Volkswagen stock surged more than 4 per cent in early trading on Monday as shareholders bet chairman Ferdinand Piech's resignation will herald improvements in corporate governance and shareholder returns.
The 78-year-old grandson of the inventor of the VW Beetle resigned on Saturday evening with immediate effect after losing a power struggle with key directors. Mr Piech had sought to oust chief executive Martin Winterkorn.
His departure brings the curtain down on a two-decade stewardship of VW, the world's second-largest carmaker by sales. Mr Piech transformed VW since 1993, with revenues having increased by 400 per cent to more than €200bn and market capitalisation more than 27 times higher.
However, the chairman frequently irked minority-investors by pursuing costly deals and engineering projects.
Arndt Ellinghorst, analyst at Evercore ISI, upgraded the shares from hold to buy at the weekend, telling investors that Mr Piech's departure reduced the risk of "additional empire building M&A" and represented an opportunity for VW "to focus on improved capital efficiency".

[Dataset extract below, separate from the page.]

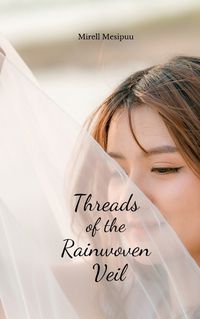 Cover image for Threads of the Rainwoven Veil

Max Warburton, an analyst at Bernstein Research, told clients: "[Piech] was far more interested in building the world's fastest cars or most complex engines than paying dividends . . . He may be a legend, but he's hardly been a friend of shareholders, in our view."
It is by no means clear that the post-Piech VW will be more shareholder friendly, however.
The big winners of the leadership dispute were the state of Lower Saxony and employee representatives who together hold 12 of the 20 seats on the supervisory board. Both are strongly motivated to protect German jobs which could make addressing the low labour productivity at VW more difficult. VW's interim chairman is a trade unionist Berthold Huber.
"This latest episode appears to leave the labour unions in a stronger position than ever," Mr Warburton acknowledged.
Much will depend on the identity of the new chairman and whether VW chooses to accelerate a change in the chief executive.
There are also lingering concerns that Mr Piech was unhappy about operational issues such as falling sales in the US and the low margin of the core passenger car brand. VW reports first-quarter earnings on Wednesday.
"Were pure operational issues to blame, or was there a strategic disagreement? Until these questions are answered . . . investors may fear that deeper operational issues could surface," Stuart Pearson at Exane BNP Paribas told clients.